12. 5. 2020

Experts say coronavirus has changed demand for certain real estate

Prague, 12th May 2020

Experts say coronavirus has changed demand for certain real estate

The real estate market has felt the first effects of the global pandemic. Yet not all segments are seeing the same changes - hotels and retail premises have been hit hardest, while industrial and logistics buildings have been spared the worst. How quickly everything returns to the normal situation from the beginning of the year will depend on the easing of restrictions domestically and abroad, and also on the ownership structure of the relevant real estate. Logistics buildings are seeing an increase in e-commerce and the owners of industrial real estate may move some production back to Europe from Asia as a new medium-term strategy. This is the conclusion of an expert on-line conference on the current real estate market jointly held in the first half of May by the investment and real estate group ARETE and the real estate consultants JLL.    
 

“Investments have obviously slowed due to the coronavirus – when people cannot meet, transactions are suspended. However, we expect this direct impact to be reversed within the next six months at most. Compared to real estate investment horizons, this is actually a very short time,”  says Hana Kollmannová, director of capital funds at the JLL real estate consultants. “Keep in mind that certain countries are still seeing a lot of transactions. In Germany, for example, pension funds have purchased real estate at prices higher than those six months ago,”  says Robert Ides, co-founder of the ARETE investment and real estate group.   

The rates of return from real estate have remained at the same level, except for retail buildings and hotels – these two segments have been hit hardest by the pandemic. We are not seeing such drastic impacts in other segments. The general problem on the Czech market is a lack of industrial real estate suitable for investment. “We expect investors to focus on long-term leasing of real estate to solvent tenants. We believe that the industrial real estate segment will return to normal first, including the volume of transactions, while hotels will probably be last,”  says Hana Kollmannová from JLL.     

Compared to 2018, last year we saw a lot of interest from Czech investors in offices and hotels, but less in industrial real estate. This could change significantly. We are now witnessing a trend of leasing industrial real estate to e-commerce companies. The immediate demand for warehousing and distribution centres is strong. “We can expect the manufacturing segment to follow the same path over the long term – companies will be considering a strategic move from Asia to Europe over the medium- and long-term to reduce and stabilize their distribution networks. The current situation has clearly shown that a number of companies have suspended production because of a lack of parts and components produced outside the European Union, not due to the restrictions,”  explains Robert Ides from ARETE.

Generally speaking, we assume that the value of industrial real estate will rise, in particular in the Czech Republic. The value of industrial real estate in Europe has grown between 12% and 31% in the last five years. Central Europe has seen the least growth - only 15% in the Czech Republic. “Global demand is continuously increasing and will continue to do so in the future because of the growth of the global population. Consumer behaviour cannot be changed at will – goods must be produced and stored somewhere. The coronavirus has just shifted consumption over time,”  explains Robert Ides from ARETE.    

The average rent for industrial real estate in the Czech Republic stabilized at EUR 4.75 per m2 per month at the end of the last year. “Currently, at the end of Q1 2020, the industrial real estate vacancy rate has risen slightly from 4.1% to 5.3%, but this is still far from the levels seen between 2008 and 2011. We think this is a mere fluctuation. If the restrictions are successfully eased, we expect a decrease in the vacancy rate due to the low level of speculative construction,”  adds Hana Kollmannová from JLL.   
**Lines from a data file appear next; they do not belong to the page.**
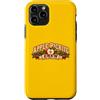 Orchard Crew Family Harvest Tees Custodia per iPhone 11 Pro Pressa Apple Picking Crew Pick per Fall Orchard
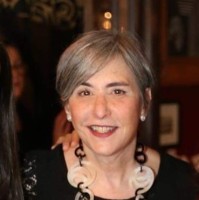 Jill Paulson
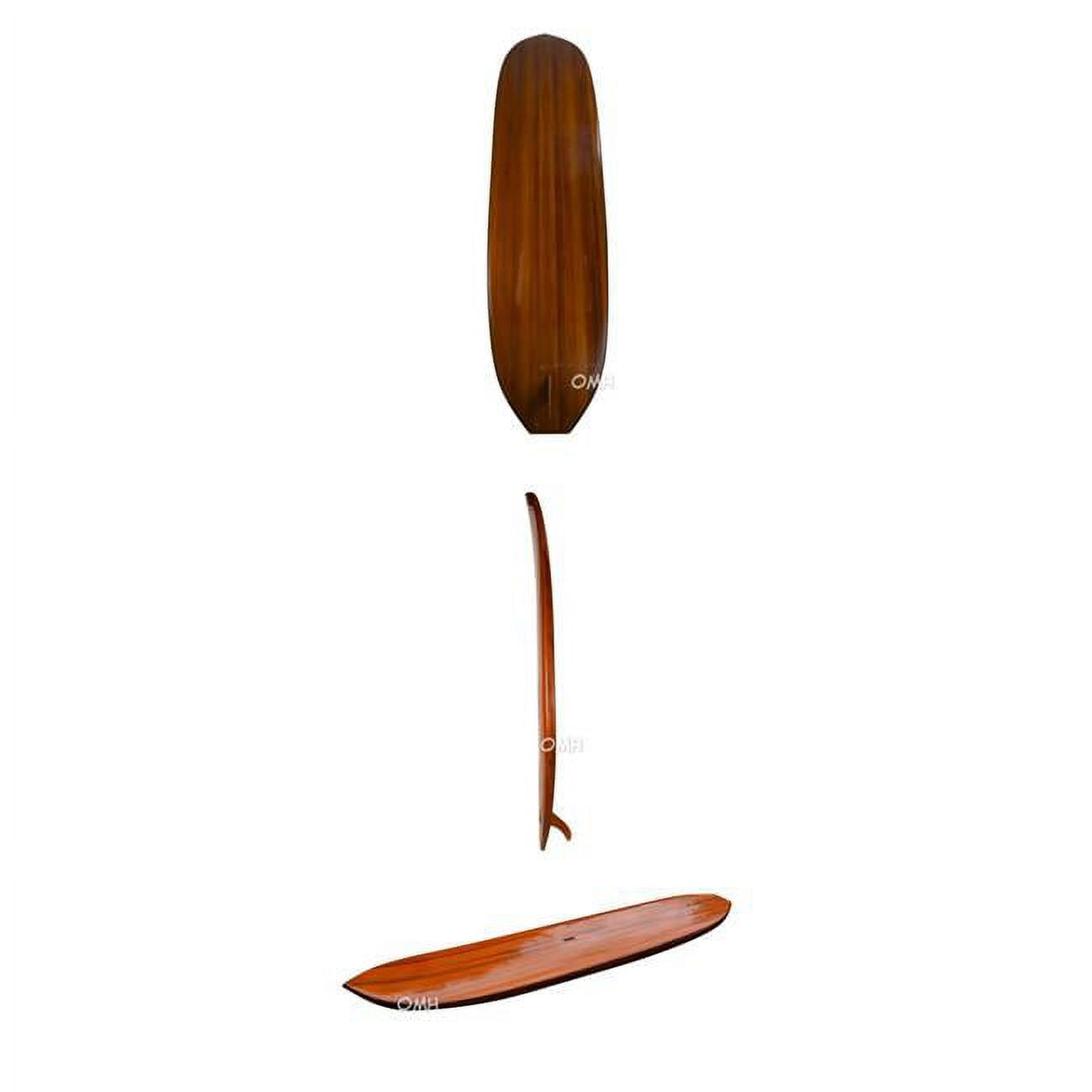 11 ft. Paddle Board with 1 Fin X859372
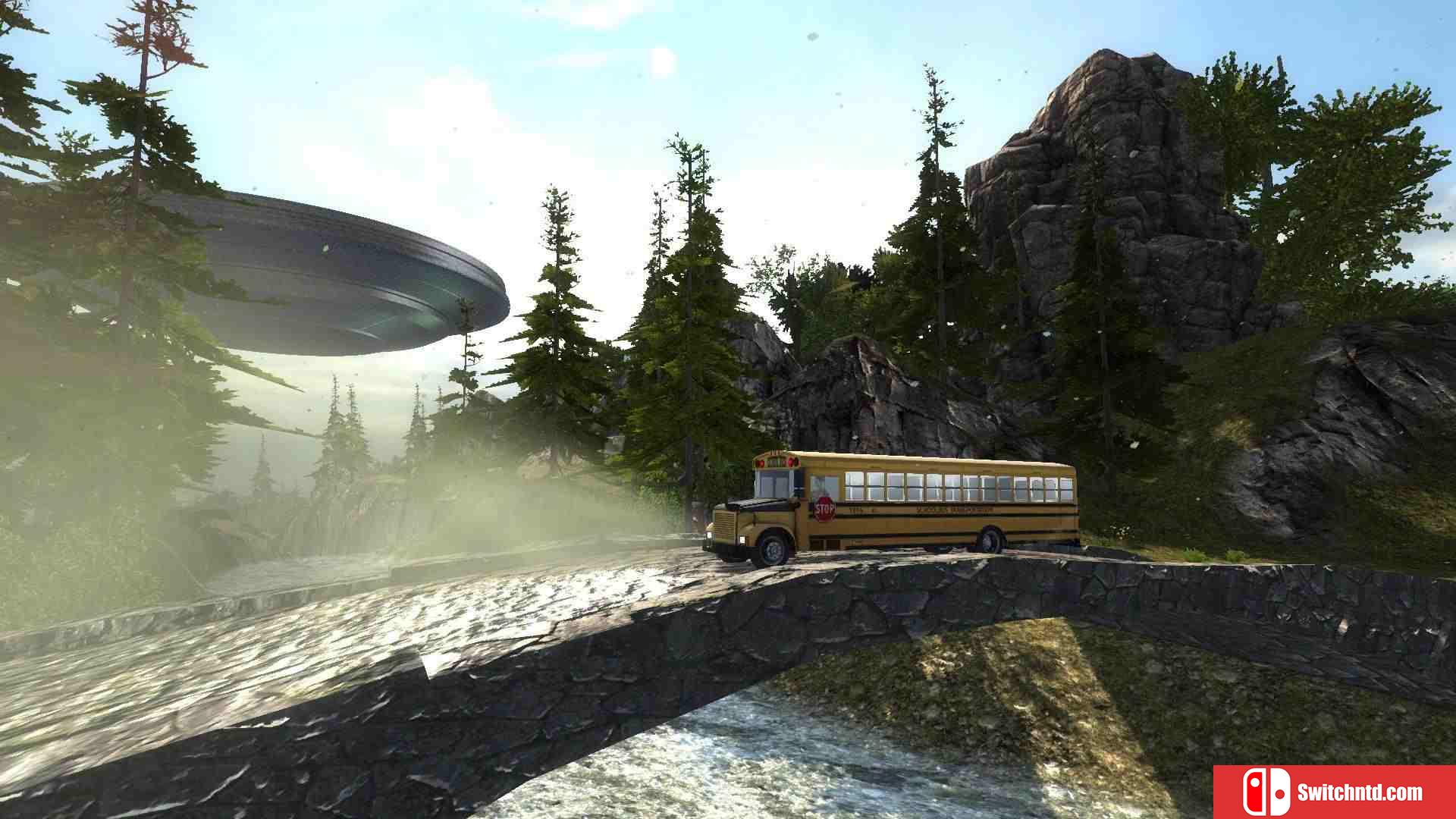 《露营跳跃者模拟器（Camper Jumper Simulator）》HI2U镜像版[EN]_6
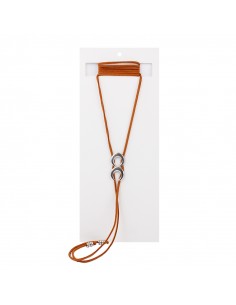 Collar Boho Moons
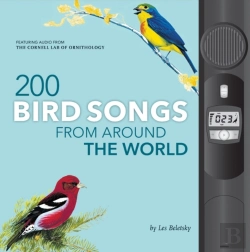 Bertrand.pt - Bird Songs From Around The World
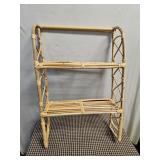15 W Shelf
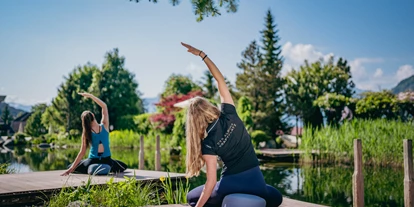 Wellnessurlaub - Fahrradverleih - Innsbruck - Wellnessresidenz Alpenrose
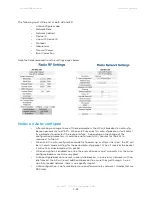 Preview for 65 page of Cambium Networks cnReach N500 User Manual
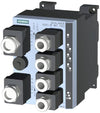Siemens Ethernet Switch – Zuverlässiges Netzwerk für Ihr Büro
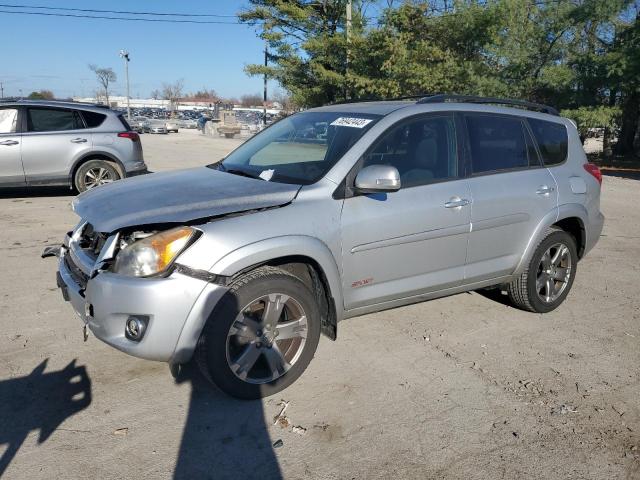 Photo 0 VIN: JTMRF4DV1A5033399 - TOYOTA RAV4 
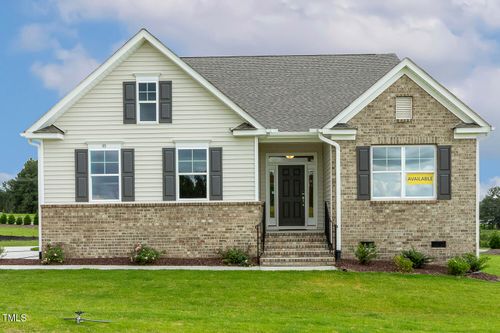 033-93 Ausban Ridge Ln, Four Oaks, NC, 27524 | Card Image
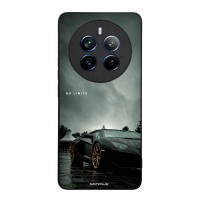 Θήκη Sonique Men's Edition Series για Realme 12 Pro 5G / Realme 12 Pro Plus 5G No Limits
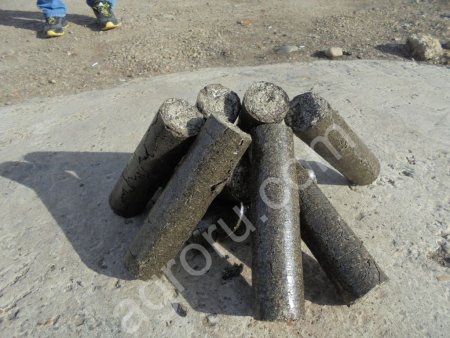 биотополиво для отопления, в т.ч. теплиц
The ownership structure of the real estate and owner behaviour will probably be the key factors. There is a big difference between the current crisis and the one from 2008. Back then, German funds represented a large part of real estate. However, Czech capital has gained a larger share over the years. “We can clearly see the influence of market demand in exchange-traded funds. Investors may quickly close their positions and force the funds to sell a part of their portfolio. This could introduce interesting opportunities for profitable transactions to the market. Non-publicly traded funds are not exposed to the effects of financial markets – the only thing that matters is the independent valuation of assets. So far we have not seen any differences in valuation, nothing has changed. The new valuation will become clear after transactions have been affected,”  says Robert Ides from ARETE. The change in the banking sector policy has definitely been important. “The ratio of bank financing to fund asset value will play an important role. Less indebtedness is currently a major advantage,”  says Robert Ides from Arete.